United States District Court, S.D. Georgia, Augusta Division

September 23, 2019




         Before the Court are J&J Maintenance, Inc.'s ("Defendant J&J") motion to dismiss (Doc. 6) and Defendant Travelers Casualty and Surety Company of America's ("Defendant Travelers") motion to dismiss (Doc. 10). Both motions argue Plaintiff's Complaint should be dismissed for failure to state a claim pursuant to Federal Rule of Civil Procedure 12(b)(6).

         I. BACKGROUND

         The present dispute arises from a project at Fort Gordon involving the construction and renovation of the Dwight D. Eisenhower Army Medical Center's Fisher Army Dental Laboratory (the "Project"). (Compl., Doc. 1, ¶ 10.) Defendant J&J was the general contractor for the Project. (Id. ¶ 11.) Defendant J&J subcontracted with Defendant ICON to perform work on the Project. (Id. ¶ 12.) Defendant ICON subcontracted with Plaintiff to install alarm systems. (Id. ¶¶ 13-14; Pl.'s Opp'n to Def. J& J's Mot. to Dismiss, Doc. 12, Ex. 6.) Defendant Travelers supplied the Project bond to Defendant J&J. (Compl., ¶ 11.)

         Plaintiff completed the work required under its subcontract with Defendant ICON on December 6, 2017. (Id. ¶¶ 15-16.) Afterward, Plaintiff submitted a bill to Defendant ICON in the amount of $66, 187.50, but Defendant ICON has yet to pay the invoice. (Id. ¶¶ 17-18, 22; Pl.'s Opp'n to Def. J& J's Mot. to Dismiss, Ex. 1.) Defendant J&J also refused to pay Plaintiff for the alarm system installation. (Compl., ¶ 19.) Finally, Plaintiff sought payment from Defendant Travelers through Defendant J&J's bond. (Id. ¶ 23.) Defendant Travelers repudiated Plaintiff's request for payment. (Id.; Def. Travelers's Mot. to Dismiss, Doc. 10, Ex. A.)

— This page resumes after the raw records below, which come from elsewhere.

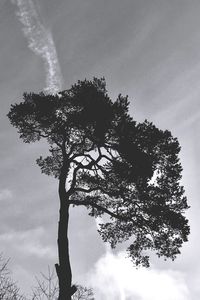 Low angle view of tree against sky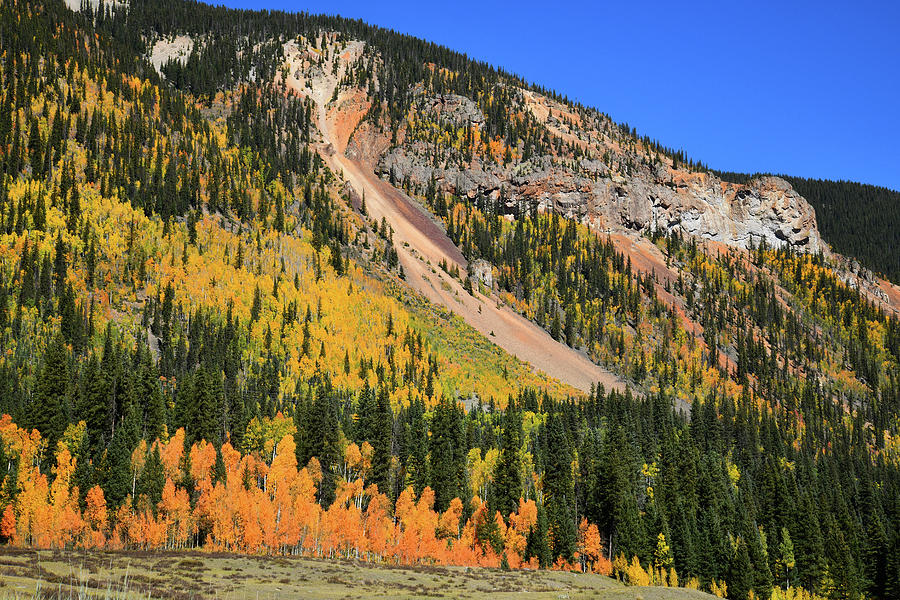 Fall Colored Hillside near Silverton Photograph by Ray Mathis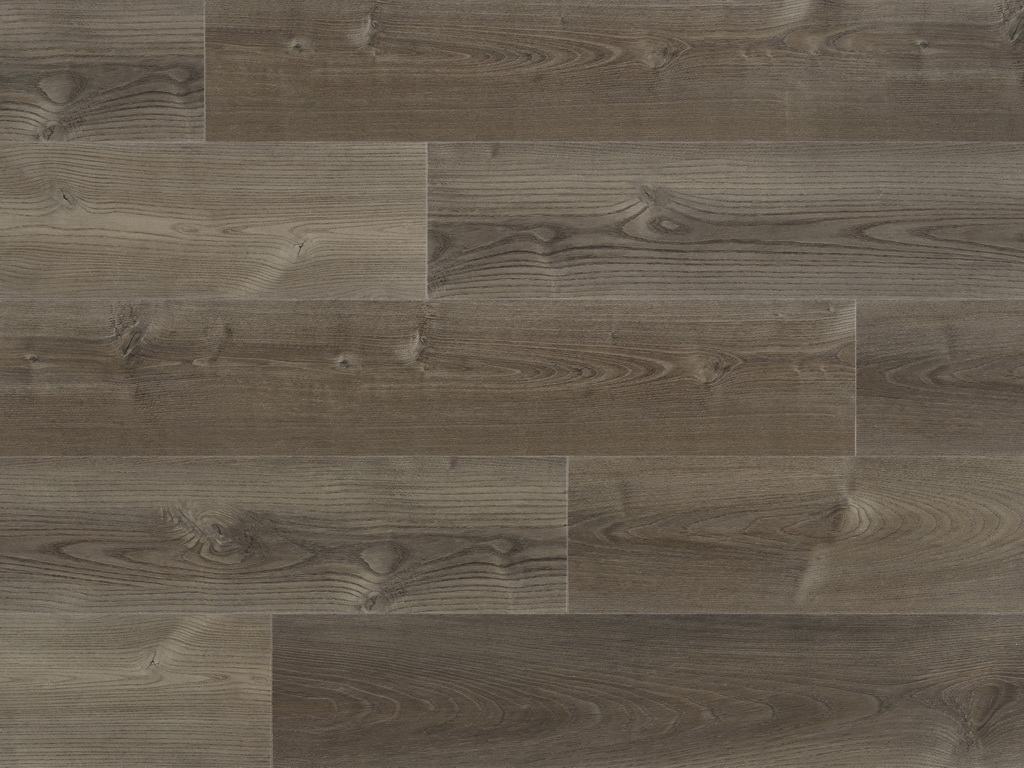 Pro plus Candler 50-RLV-1209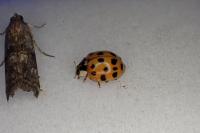 Harmonia axyridis
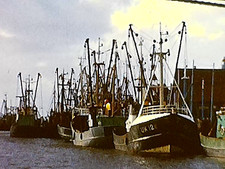 8mm Film Netherlands Germany England 1960s Home Movie Countryside Towns Canals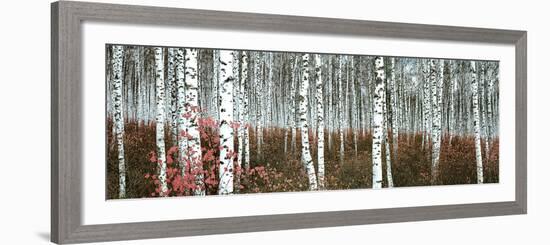 Silver Birch Forest, China-null-Framed Art Print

         The procedural posture of this case is more convoluted than generally expected at this stage of litigation. Plaintiff filed its Complaint asserting four claims against three defendants: (1) breach of contract; (2) quantum meruit; (3) a Miller Act bond claim; and (4) bad faith refusal to settle. (Compl., ¶¶ 24-46.) Defendants J&J and Travelers ("Moving Defendants") moved to dismiss the Complaint pursuant to Federal Rule of Civil Procedure 12(b)(6), but Defendant ICON Construction, Inc. ("Defendant ICON") offered no response to Plaintiff's Complaint. On February 11, the Clerk entered an entry of default as to Defendant ICON (Doc. 22), and shortly thereafter, Defendant J&J filed a suggestion of bankruptcy indicating Defendant ICON filed for Chapter 11 bankruptcy in the United States Bankruptcy Court for the Eastern District of Texas (Docs. 24, 24-1).

         In Moving Defendants' motions to dismiss, both pointed to Plaintiff's failure to allege that it provided proper notice under the Miller Act. (Def. J&J's Mot. to Dismiss, Doc. 6, at 3; Def. Travelers's Mot. to Dismiss, at 5-6.) The Complaint alleges that Plaintiff provided notice to Defendant Travelers more than ninety days after completing work under the subcontract. (See Compl., ¶¶ 16, 21.) Rather than amend its Complaint to allege it provided proper notice, Plaintiff attached several documents to its responses in opposition to the motions to dismiss. (See Pl.'s Opp'n to Def. J& J's Mot. to Dismiss, Exs. 1-9.) Plaintiff then argued Defendants' motions to dismiss should be converted to motions for summary judgment. (See Pl.'s Sur-Reply Opp'n to Def. J&J's Mot. to Dismiss, Doc. 20, at 4.) Based upon Plaintiff's introduction of various documents in its opposition to the present motions to dismiss, the Court addresses multiple issues involving the introduction of extrinsic documents in addition to resolving the present motions.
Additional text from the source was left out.